Your reply should contain the whole listing below, repeated exactly, and no images.

• Material provided:
-------------------------

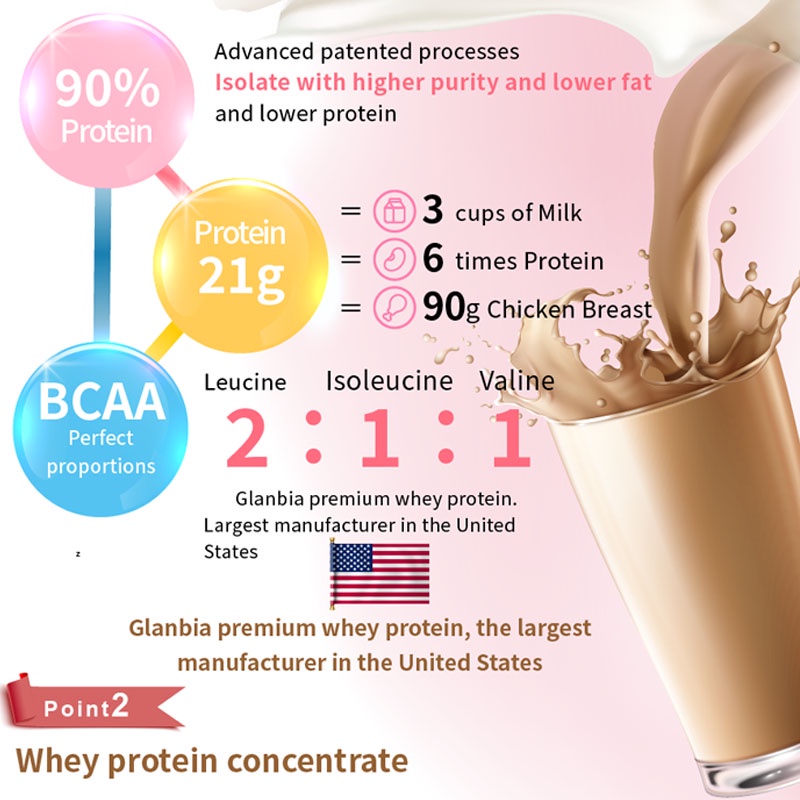 3 months Set 9 Boxes Collagen Bundle $249 / Whey Protein with Collagen-Angel LaLa SG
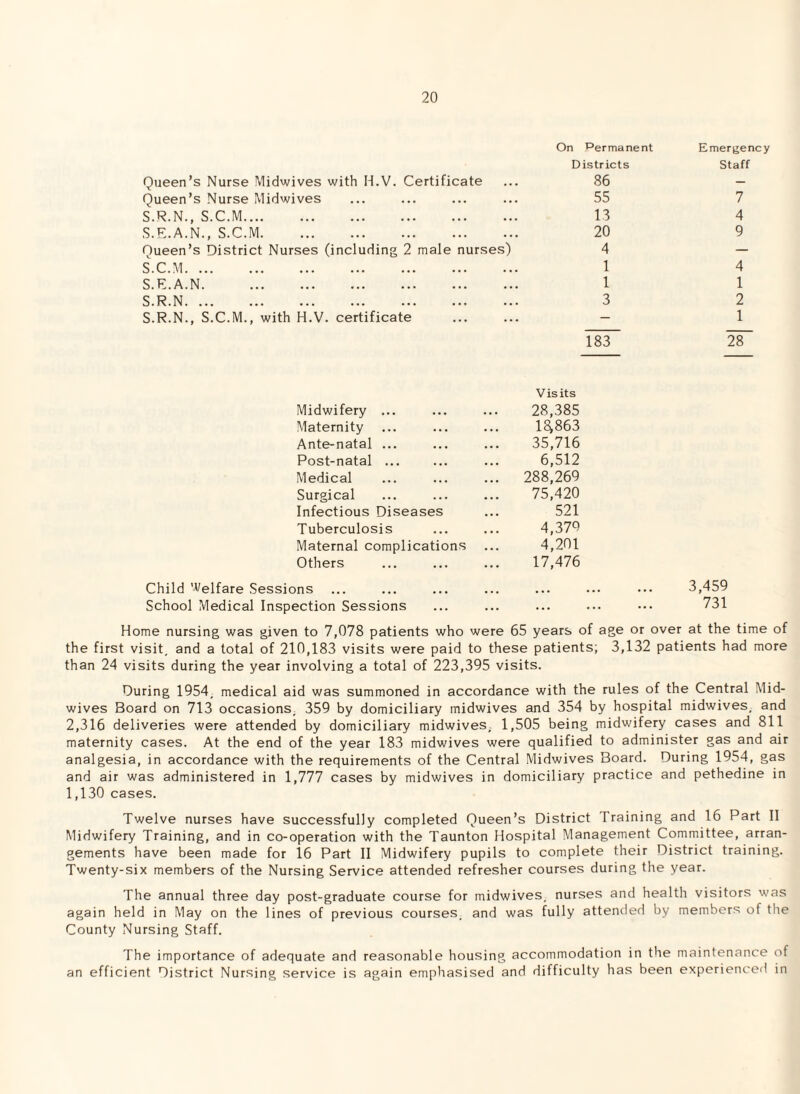 On Permanent Districts Queen’s Nurse Midwives with H.V. Certificate ... 86 Queen’s Nurse Midwives ... ... ... ... 55 S.R.N., S.C.M. 13 S.E.A.N., S.C.M. 20 Queen’s District Nurses (including 2 male nurses) 4 S.C.M. 1 S.E.A.N. ... ... ... ... ... ... 1 S.R.N. 3 S.R.N., S.C.M., with H.V. certificate ... ... — 183 Emergency Staff 7 4 9 4 1 2 1 28~ Vis its Midwifery ... ... ... 28,385 Maternity ... ... ... 1^863 Ante-natal ... ... ... 35,716 Post-natal ... ... ... 6,512 Medical ... ... ... 288,269 Surgical ... ... ... 75,420 Infectious Diseases ... 521 Tuberculosis ... ... 4,379 Maternal complications ... 4,201 Others ... ... ... 17,476 Child Welfare Sessions School Medical Inspection Sessions 3,459 731 Home nursing was given to 7,078 patients who were 65 years of age or over at the time of the first visit, and a total of 210,183 visits were paid to these patients; 3,132 patients had more than 24 visits during the year involving a total of 223,395 visits. During 1954, medical aid was summoned in accordance with the rules of the Central Mid¬ wives Board on 713 occasions, 359 by domiciliary midwives and 354 by hospital midwives, and 2,316 deliveries were attended by domiciliary midwives, 1,505 being midwifery cases and 811 maternity cases. At the end of the year 183 midwives were qualified to administer gas and air analgesia, in accordance with the requirements of the Central Midwives Board. During 1954, gas and air was administered in 1,777 cases by midwives in domiciliary practice and pethedine in 1,130 cases. Twelve nurses have successfully completed Queen’s District Training and 16 Part II Midwifery Training, and in co-operation with the Taunton Hospital Management Committee, arran¬ gements have been made for 16 Part II Midwifery pupils to complete their District training. Twenty-six members of the Nursing Service attended refresher courses during the year. The annual three day post-graduate course for midwives, nurses and health visitors was again held in May on the lines of previous courses, and was fully attended by members of the County Nursing Staff. The importance of adequate and reasonable housing accommodation in the maintenance of an efficient District Nursing service is again emphasised and difficulty has been experienced in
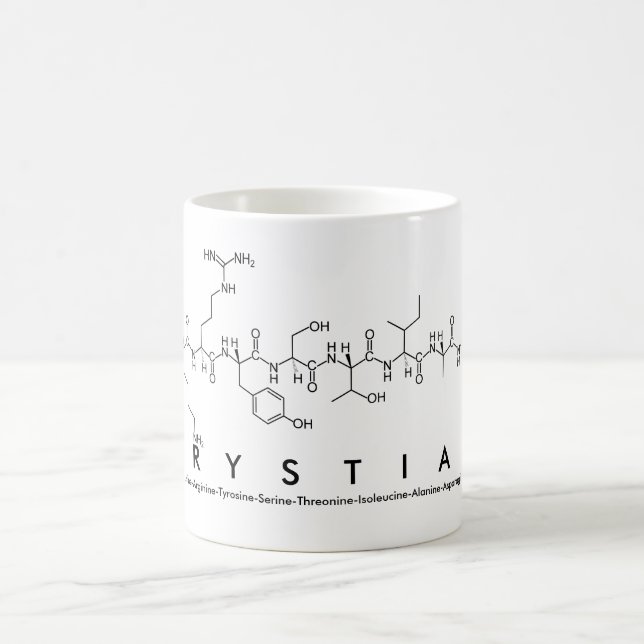 Taza De Café Krystian peptide name mug (Centro)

-------------------------

• Written solution:
 3 months Set 9 Boxes Collagen Bundle $249 / Whey Protein with Collagen-Angel LaLa SG
 On Permanent Districts Queen’s Nurse Midwives with H.V. Certificate ... 86 Queen’s Nurse Midwives ... ... ... ... 55 S.R.N., S.C.M. 13 S.E.A.N., S.C.M. 20 Queen’s District Nurses (including 2 male nurses) 4 S.C.M. 1 S.E.A.N. ... ... ... ... ... ... 1 S.R.N. 3 S.R.N., S.C.M., with H.V. certificate ... ... — 183 Emergency Staff 7 4 9 4 1 2 1 28~ Vis its Midwifery ... ... ... 28,385 Maternity ... ... ... 1^863 Ante-natal ... ... ... 35,716 Post-natal ... ... ... 6,512 Medical ... ... ... 288,269 Surgical ... ... ... 75,420 Infectious Diseases ... 521 Tuberculosis ... ... 4,379 Maternal complications ... 4,201 Others ... ... ... 17,476 Child Welfare Sessions School Medical Inspection Sessions 3,459 731 Home nursing was given to 7,078 patients who were 65 years of age or over at the time of the first visit, and a total of 210,183 visits were paid to these patients; 3,132 patients had more than 24 visits during the year involving a total of 223,395 visits. During 1954, medical aid was summoned in accordance with the rules of the Central Mid¬ wives Board on 713 occasions, 359 by domiciliary midwives and 354 by hospital midwives, and 2,316 deliveries were attended by domiciliary midwives, 1,505 being midwifery cases and 811 maternity cases. At the end of the year 183 midwives were qualified to administer gas and air analgesia, in accordance with the requirements of the Central Midwives Board. During 1954, gas and air was administered in 1,777 cases by midwives in domiciliary practice and pethedine in 1,130 cases. Twelve nurses have successfully completed Queen’s District Training and 16 Part II Midwifery Training, and in co-operation with the Taunton Hospital Management Committee, arran¬ gements have been made for 16 Part II Midwifery pupils to complete their District training. Twenty-six members of the Nursing Service attended refresher courses during the year. The annual three day post-graduate course for midwives, nurses and health visitors was again held in May on the lines of previous courses, and was fully attended by members of the County Nursing Staff. The importance of adequate and reasonable housing accommodation in the maintenance of an efficient District Nursing service is again emphasised and difficulty has been experienced in
 Taza De Café Krystian peptide name mug (Centro)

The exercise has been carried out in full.